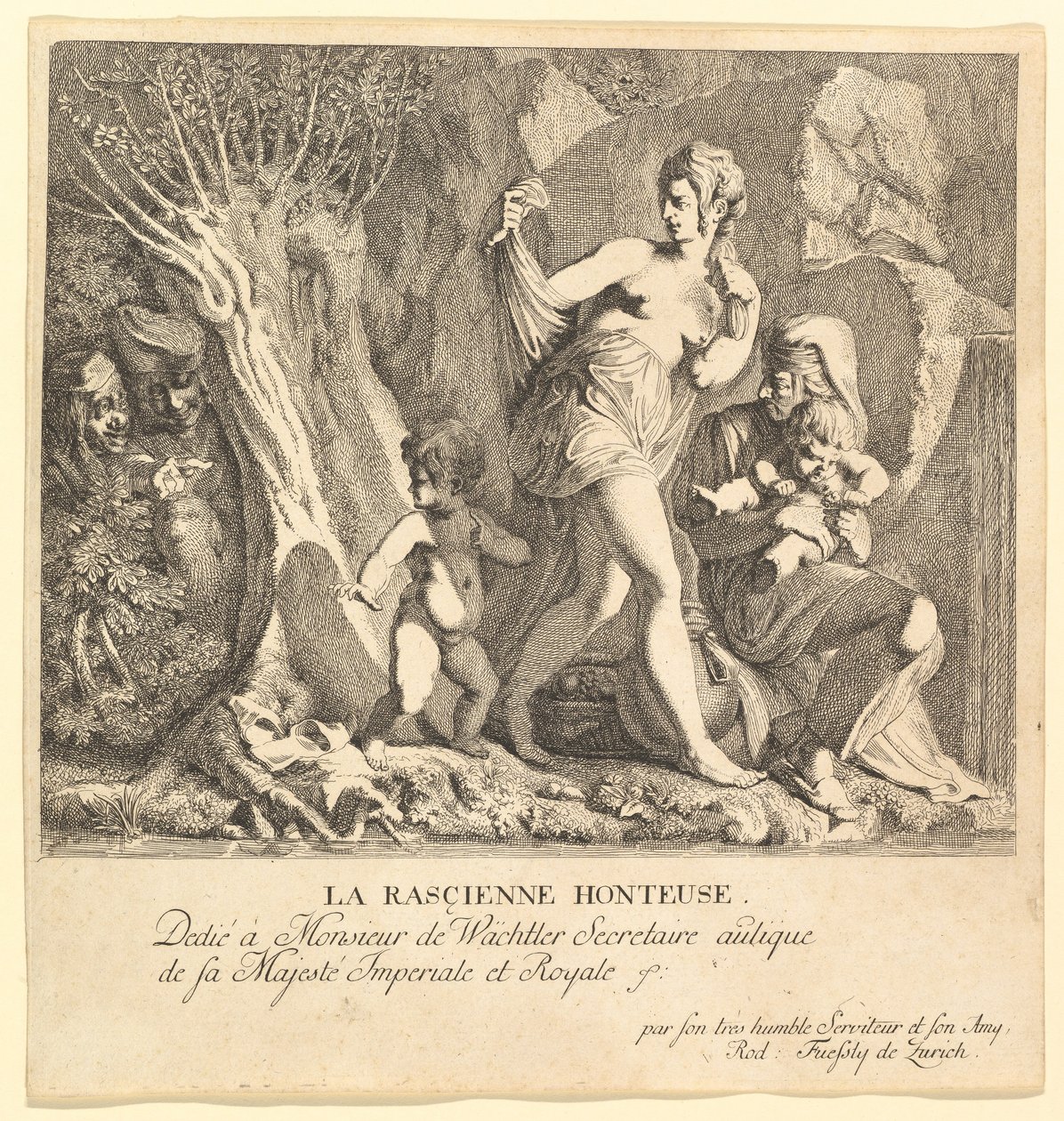 La Rascienne Honteuse door Rudolf Fussli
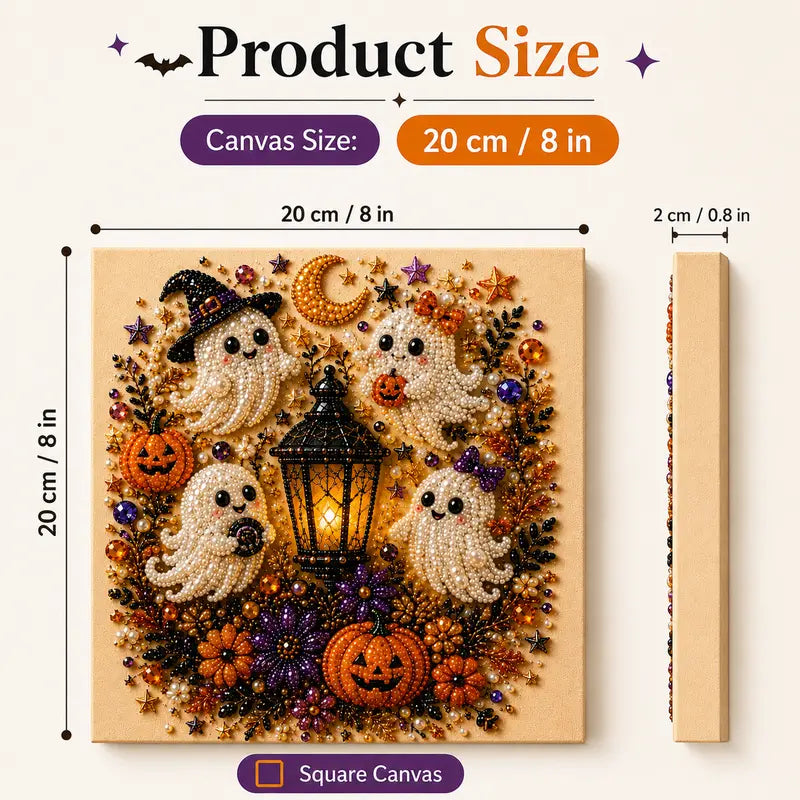 👻✨ Halloween Pearl Art DIY Kit – Turn Tiny Pearls into Spooky-Cute Magic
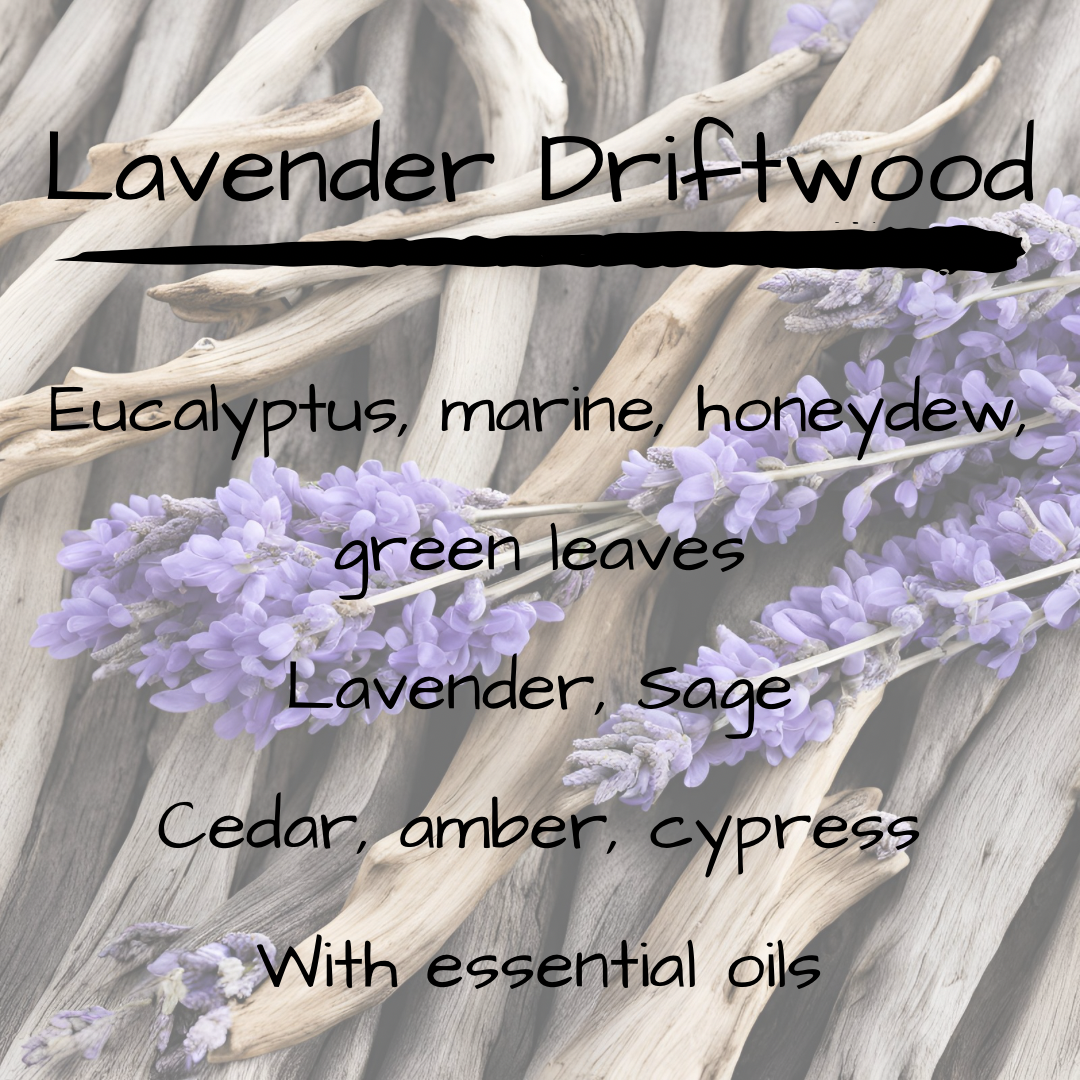 Lavender Driftwood Soy Candle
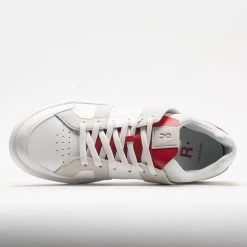 On Running On The Roger Clubhouse Men's White/Red -Sports Shoes Store 117181 2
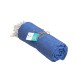 Telo mare/pareo  in cotone riciclato  da 180 gr/m2 con frange, misura 90x170 cm FullGadgets.com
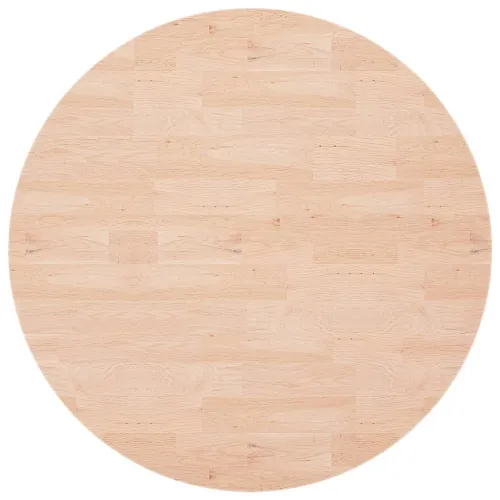 Okrugla stolna ploča Ø90x1,5 cm od netretirane hrastovine - Prirodna Ø 90 x 1.5 cm Cijena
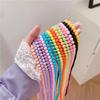 High Quality Fashion Custom Acrylic Beads Plastic Pearl Phone Case Strap, Girl Handmade Beaded Mobile Phone Lanyard Straps Chain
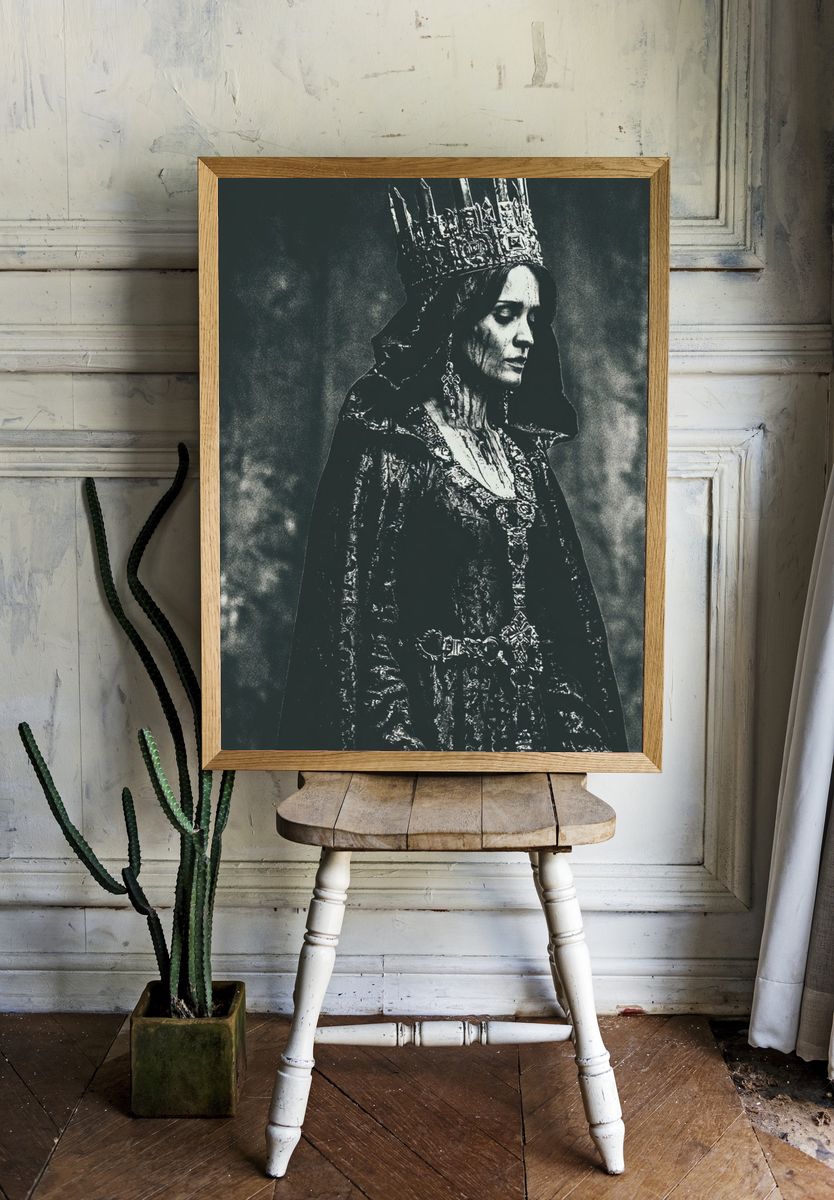 Gothic Queen Portrait Print. — room view 1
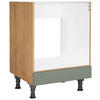 HERDUMBAUSCHRANK 60/87/56 cm  in Grün, Eichefarben  - Eichefarben/Grün, MODERN, Holzwerkstoff (60/87/56cm) - Nobilia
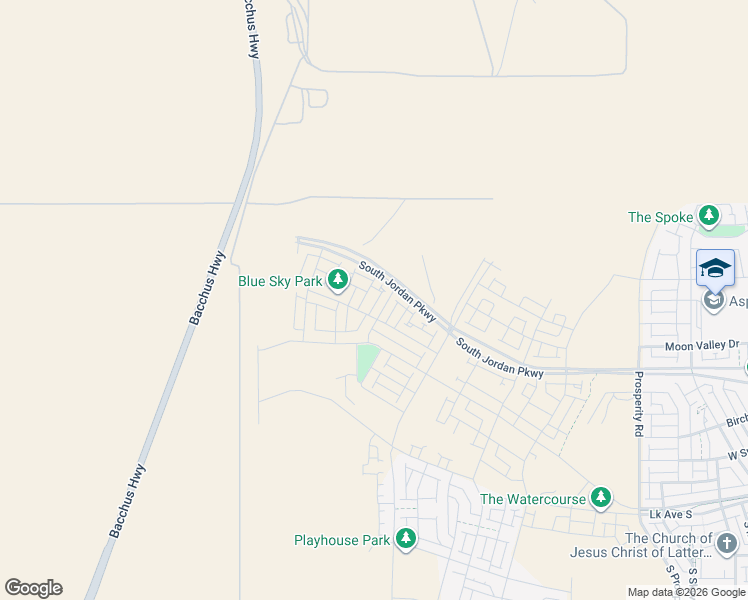 map of restaurants, bars, coffee shops, grocery stores, and more near 11161 South Cheviot Hills Lane in South Jordan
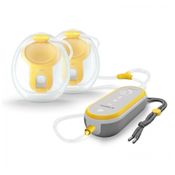 Bomba Tira Leite Elétrica Portátil e Discreta com Conectividade por APP, 2Un, Medela, Transparente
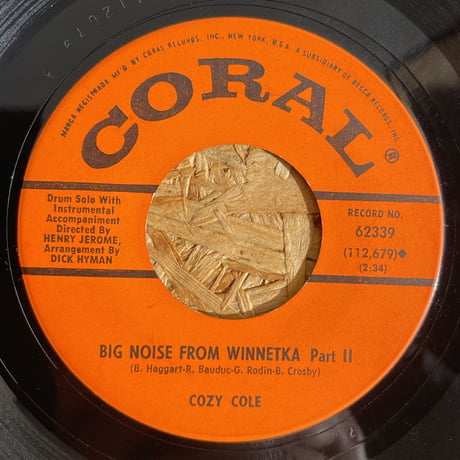 COZY COLE / Big Noise From Winnetka (Part I)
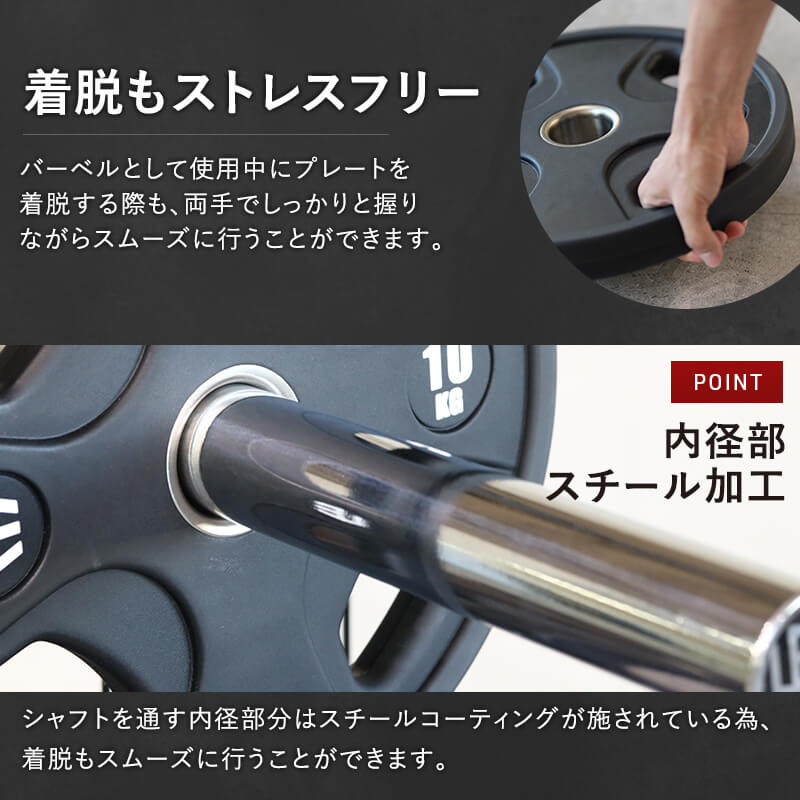 オリンピックプレート 20kg 2枚セット ｜ラインナップ｜トレーニング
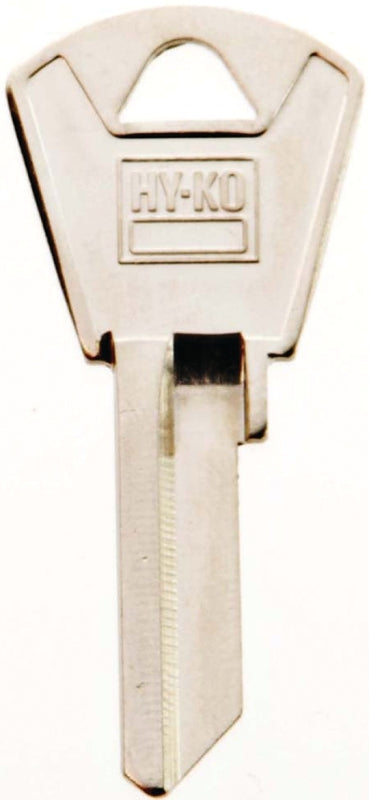 Hy-Ko 11010PZ1 Key Blank, Brass, Nickel, For: Papaiz Cabinet, House Locks and Padlocks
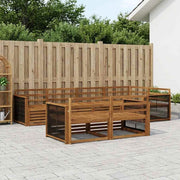 Set di divani da esterno 7 pz Naturale 3383472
----------
• **Activity**:
Your answer must be the lines from the one containing "map of restaurants, bars, coffee" through the last line of the records, printed exactly with no pictures; please include both ends.

• **Written response**:
 map of restaurants, bars, coffee shops, grocery stores, and more near 11161 South Cheviot Hills Lane in South Jordan
 Bomba Tira Leite Elétrica Portátil e Discreta com Conectividade por APP, 2Un, Medela, Transparente
 COZY COLE / Big Noise From Winnetka (Part I)
 オリンピックプレート 20kg 2枚セット ｜ラインナップ｜トレーニング
 Hy-Ko 11010PZ1 Key Blank, Brass, Nickel, For: Papaiz Cabinet, House Locks and Padlocks
 Set di divani da esterno 7 pz Naturale 3383472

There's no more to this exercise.